Solution: Think “what,” not “who”
Sometimes you need to flip personas on their head. Instead of asking who they are, investigate what people want. What problems are they trying to solve? What other brands do they admire? What causes do they engage with? And instead of focusing on demographic differences, consider what your customers have in common. For example, an eco-friendly cleaning product could appeal to suburban moms who want to protect their kids from harmful chemicals, but a young, single, urban professional may share a the exact same concern about their own health.
This shared interest opens the door to more opportunities. Both of these customers probably care about ingredient transparency. Both might be willing to pay a premium for this product, because it reflects a personal value. So, instead of building messaging around “be a better mom,” you can expand your reach by emphasizing the product’s broader value: it’s the safe, healthy way to keep your home clean.
Pitfall #2: You have too many personas
In another recent project, I worked with a client who had twelve top-line personas, each of which was broken down into several smaller categories that covered every possible use case for their entire line of products. The client recognized that this system was unwieldy: With so many personas in play, it’s hard to use them effectively, or even remember them all.
Solution: Start small and iterate
We quickly began paring down this client’s personas. For most brands, three is plenty to start with. Align these with your primary business goals and use cases. Outliers are important to recognize, but trying to cover every possibility gets confusing when teams are building out strategy, design, and marketing.
Once you have a handful of solid personas, you can begin to test messaging and see how different groups respond. From there, you can refine and narrow your customer profiles. Any personas or customer insights that don’t get used should be saved for later—this information may be helpful down the road if you need to pull in additional attributes.
Pitfall #3: Customers change faster than personas do
Locking customer groups into rigid personas may inhibit your ability to follow them from one life stage to the next. A classic marketing persona represents a customer at a moment in time. What happens when their needs or interests evolve?
Solution: Map out lifecycles to inform strategy across the customer journey
A great example of how to grow with your customers is the Honest Company, which began by appealing to new and first-time moms. Then, recognizing that moms’ needs change as their kids get older, Honest developed products and services to go from babyhood to the toddler years and beyond.
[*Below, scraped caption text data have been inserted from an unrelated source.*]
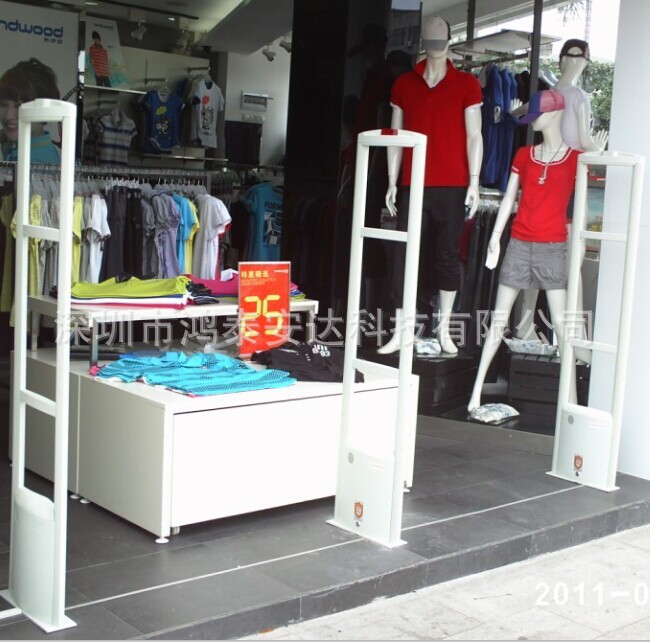 供应EAS 防盗 防盗扣 服装防盗 防盗门 防盗标签 小方扣硬标签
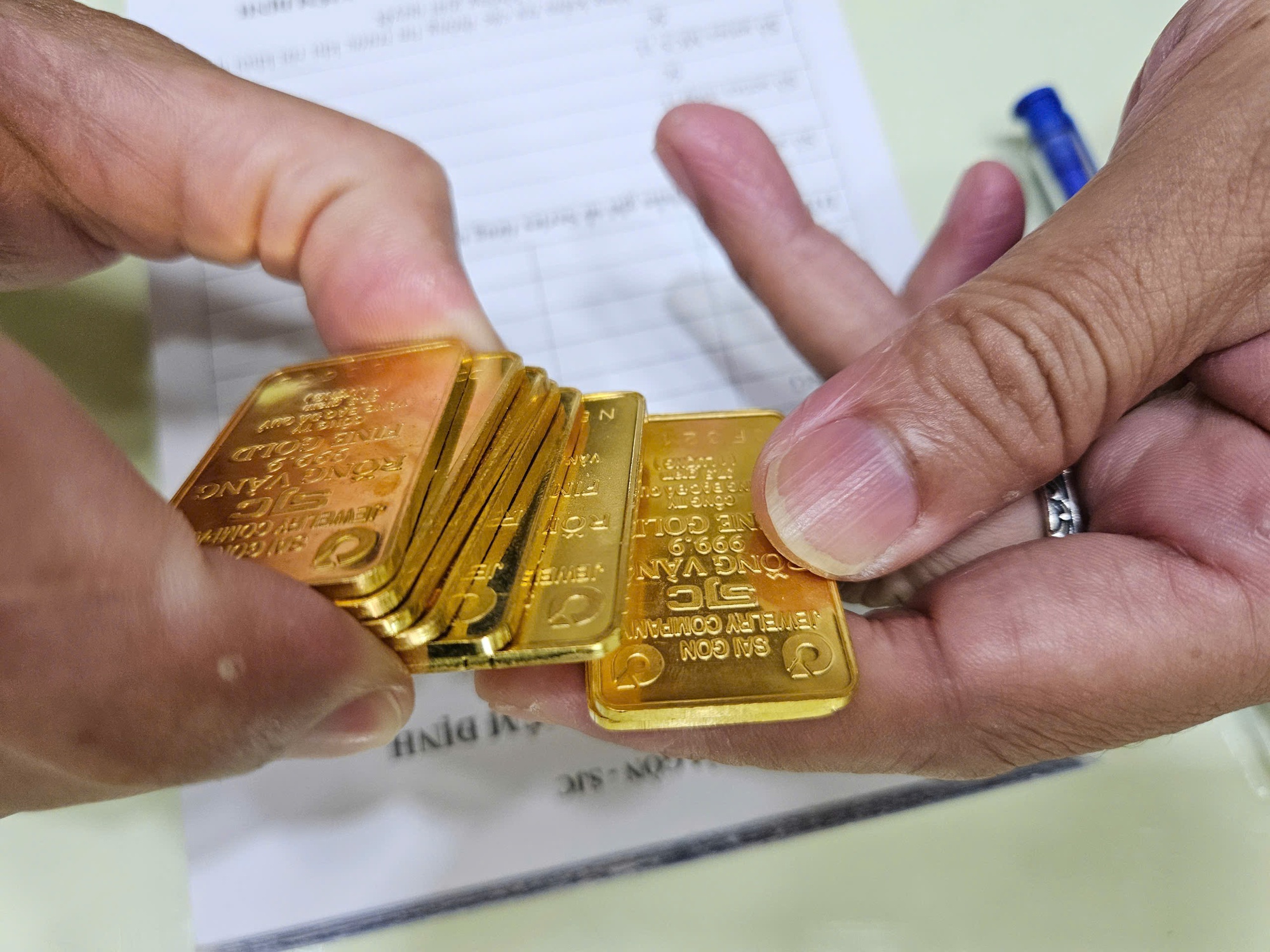 Các tiệm vàng nhỏ âm thầm mua bán vàng miếng SJC, đẩy giá lên cao kỷ lục - Ảnh 1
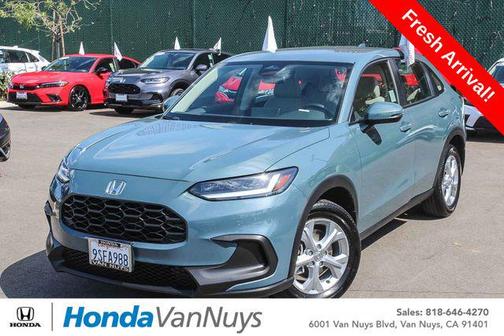 Nordic Forest Pearl 2025 Honda HR-V LX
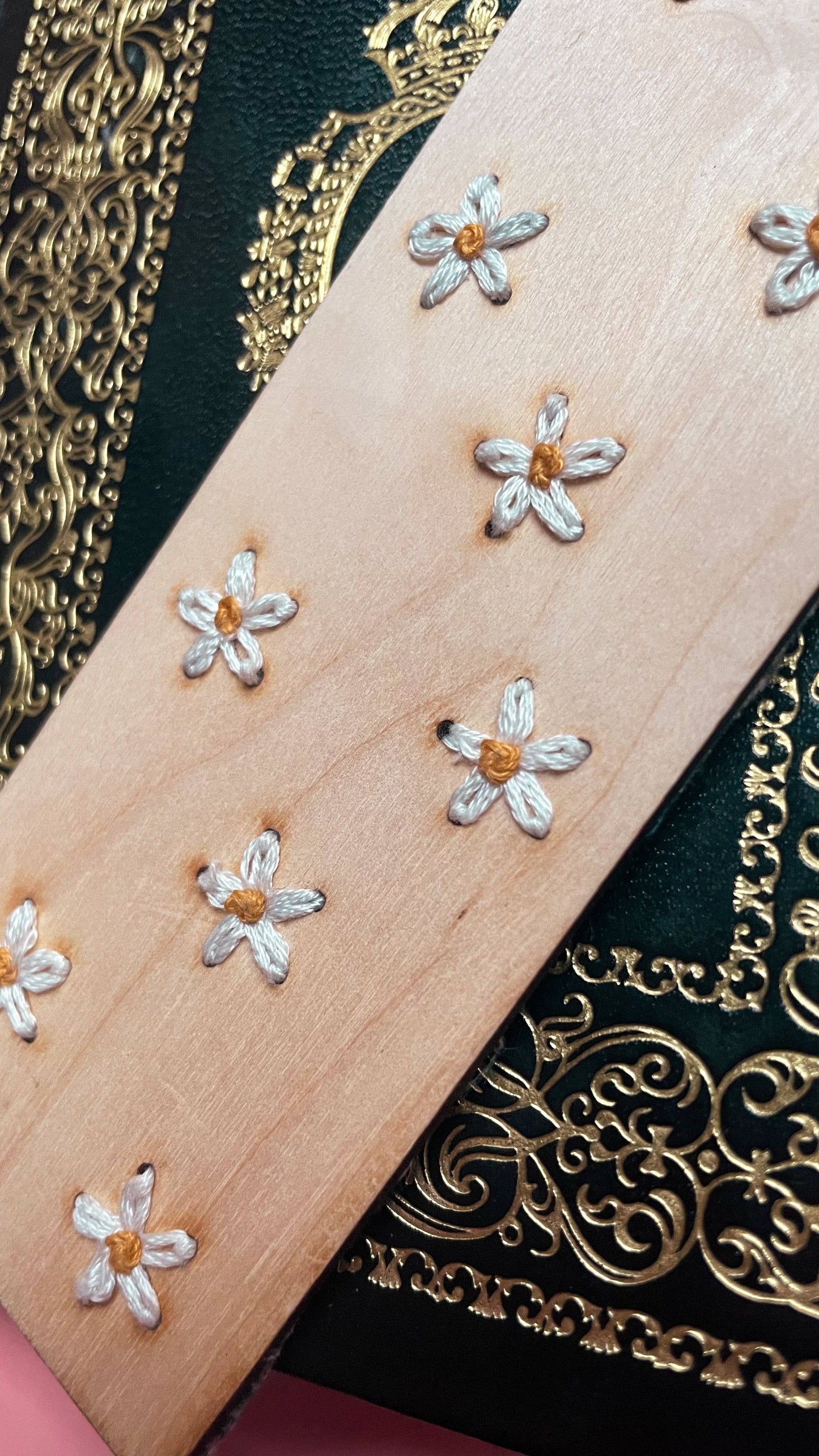 Kit de broderie marque page fleurs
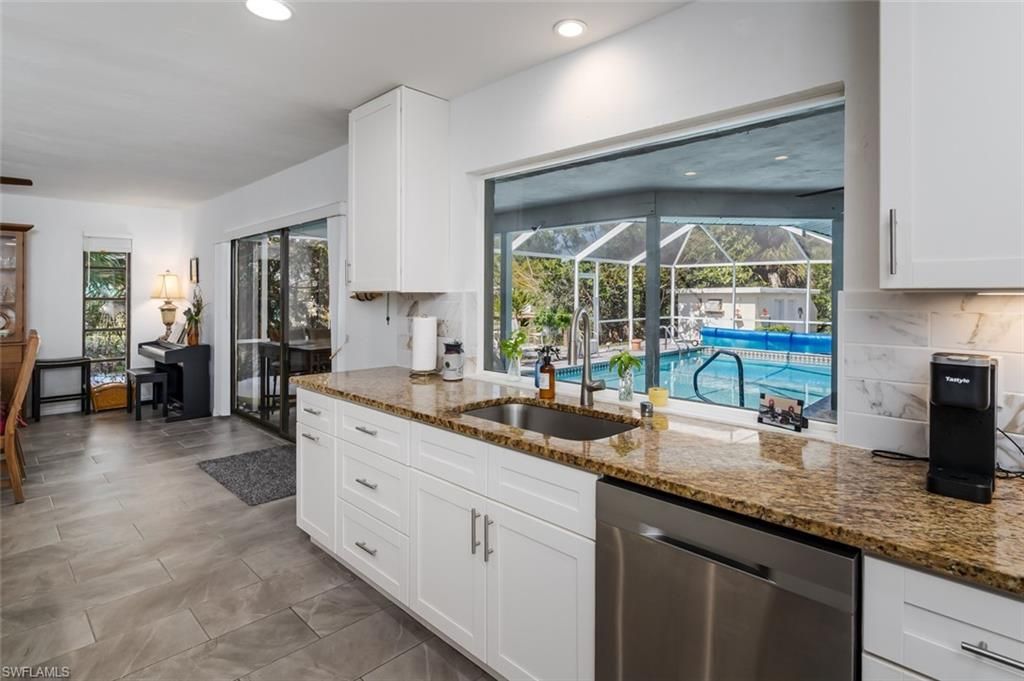 661 E Valley Dr, Bonita Springs, FL 34134 Photo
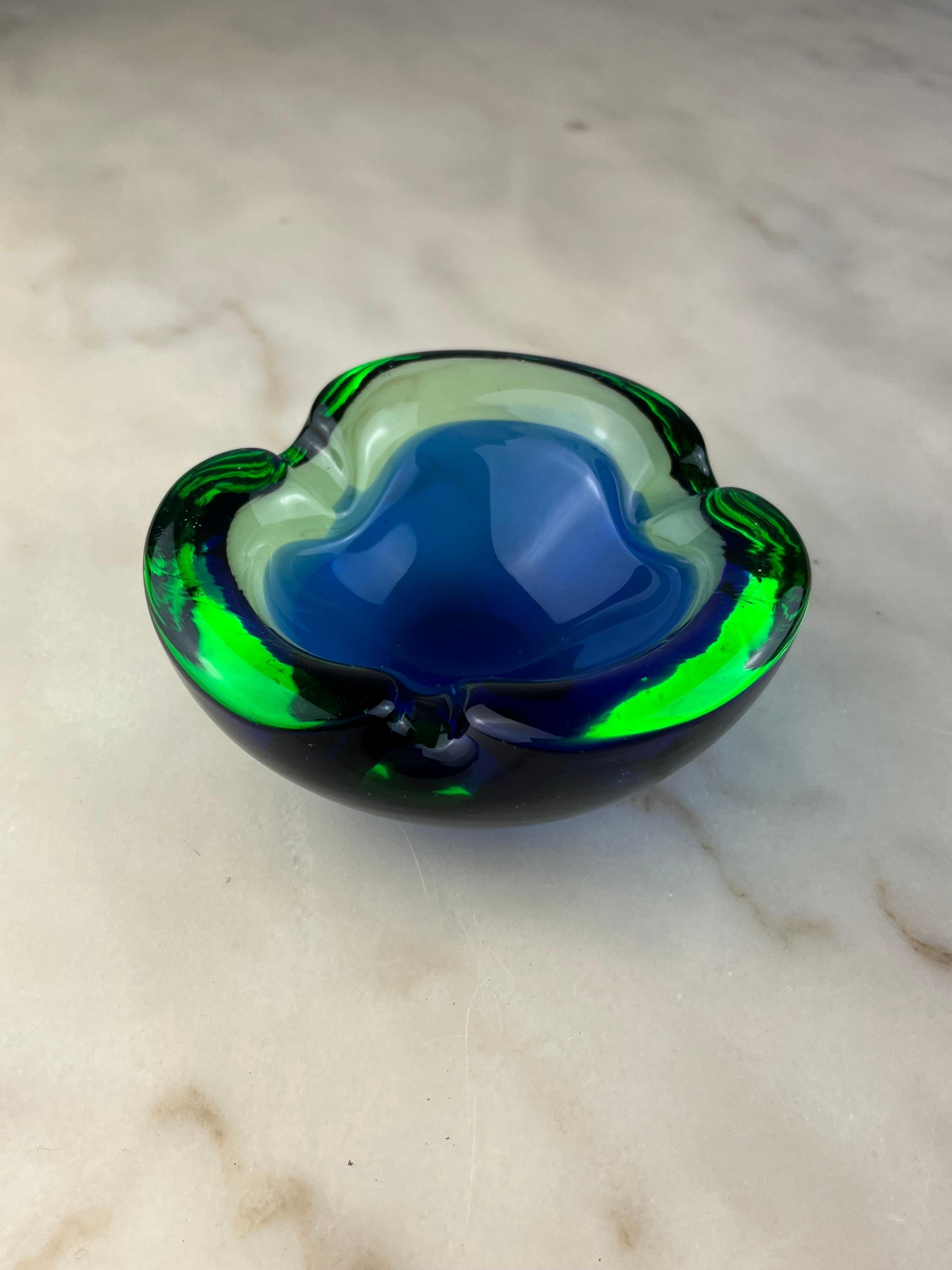 Murano submerged glass ashtray/valet tray, Italy, 1960s.
Small signs of the time, it is intact.
Polychrome, belonged to my great-grandfather.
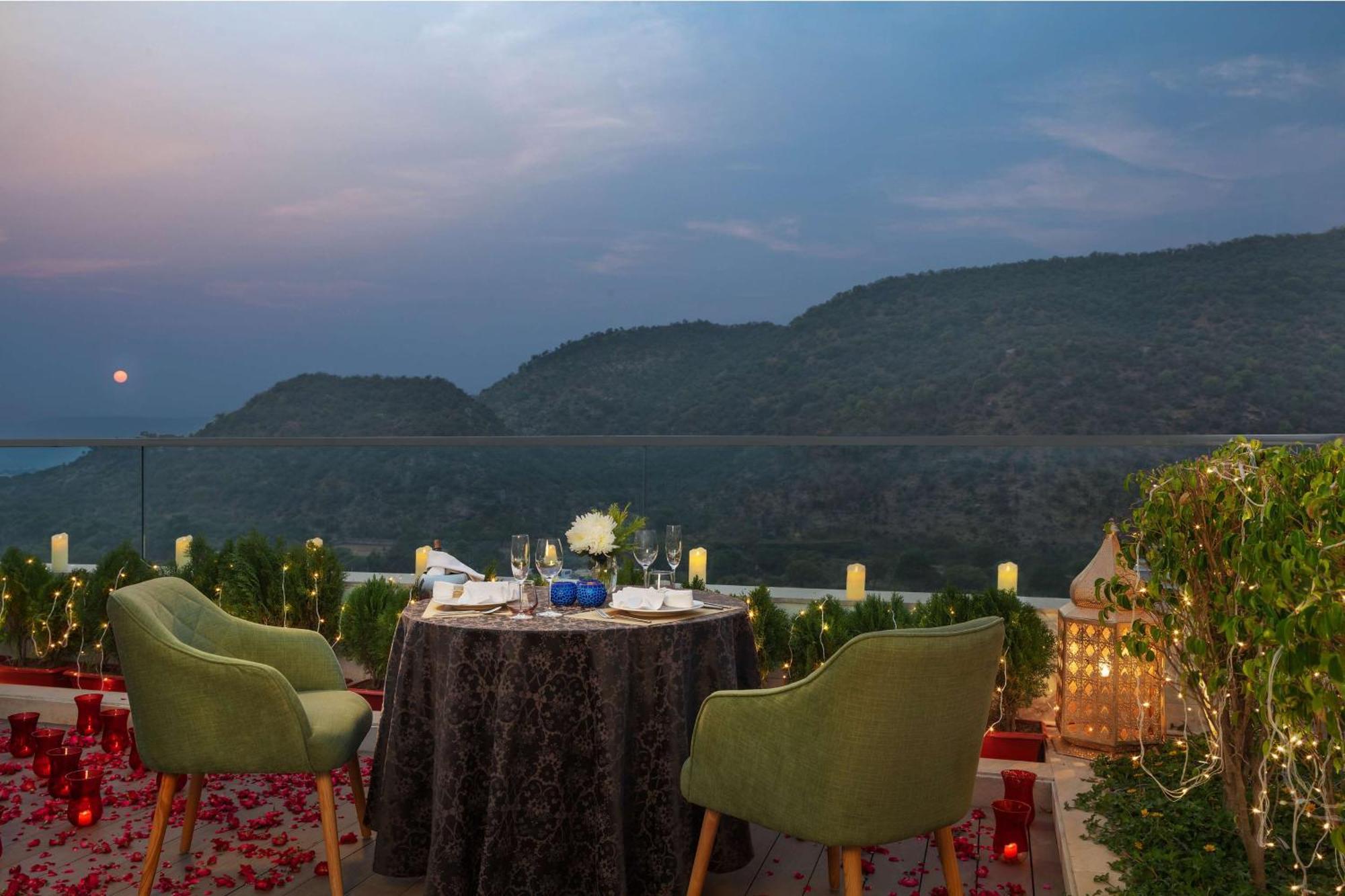 Doubletree By Hilton Jaipur Amer Екстериор снимка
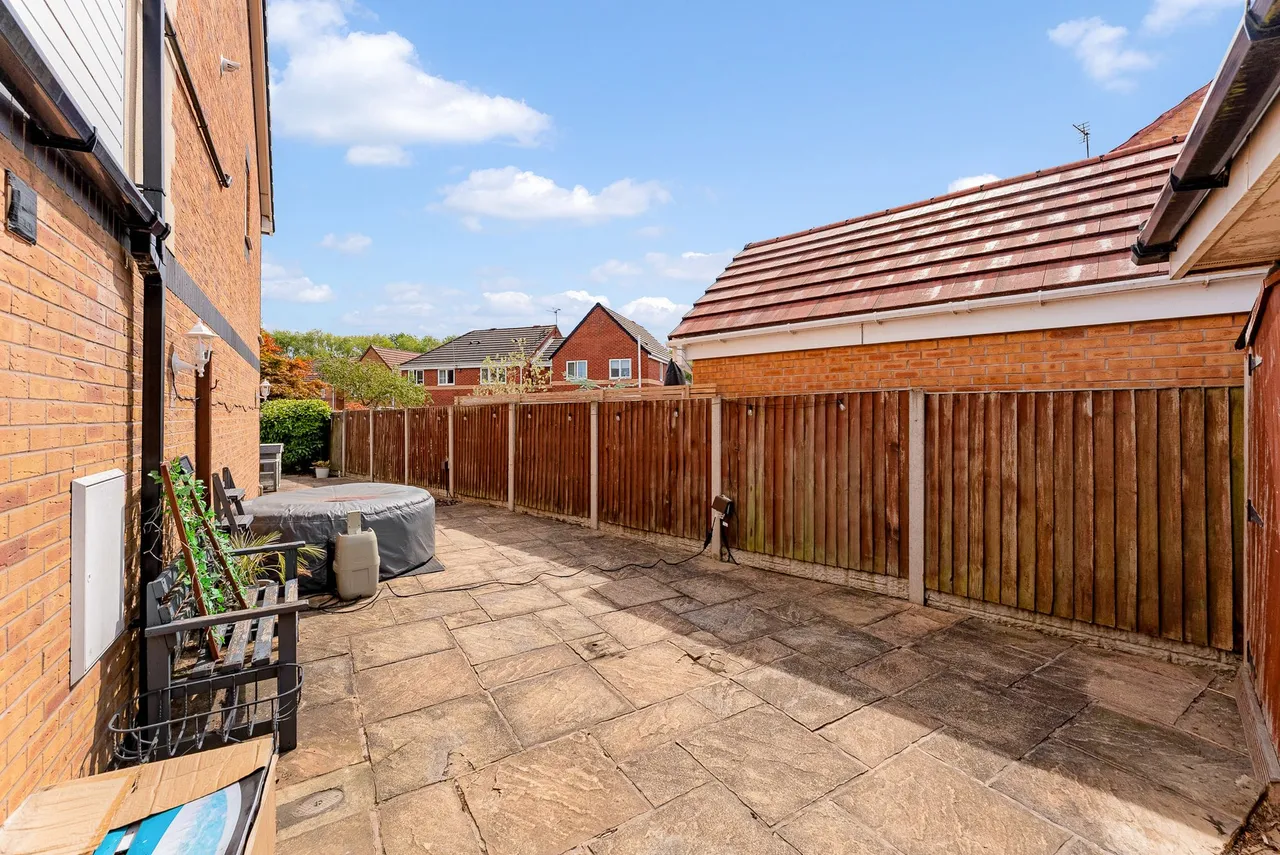 Foxley Heath, Widnes, WA8 7EB, photo 42
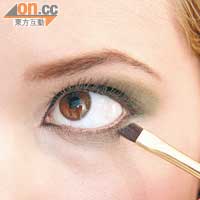 用深綠色眼影畫下眼線，並掃上有增長效果的睫毛液。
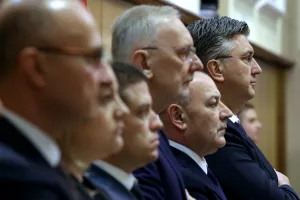 Vlada: Gordan Grlić Radman, Anja &Scaron;impraga, Oleg Butković, Davor Božinović, Tomo Medved i Andrej Plenković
Try building out email flows to reach customers at specific milestones. Did someone buy a crate of 12-month sized diapers? Reach out a year later to highlight a sale on training pants. Knowing where your customers are right now is an important starting point, but it is just that, a starting point. People change over time, and if you don’t follow them, you run the risk of losing them.
Bottom line
Personas can focus teams and make it easier to build clear pathways for users—especially if you need to quickly segment and drive them to specific actions. However, over-reliance on personas can limit your marketing efforts, brand perception, and customer experience. By aligning strategy with what you can do for people, you’ll be able to reach more customers and highlight the true value of your brand.
So, the next time you brainstorm a new marketing plan, ask yourself: “What do my customers want? And what makes my business uniquely suited to help them achieve it?” Look for common interests and needs, and evaluate how individual moments may reflect an ongoing journey. Most important of all, remind your teams that sometimes it’s better to rally around what people want—not who they are.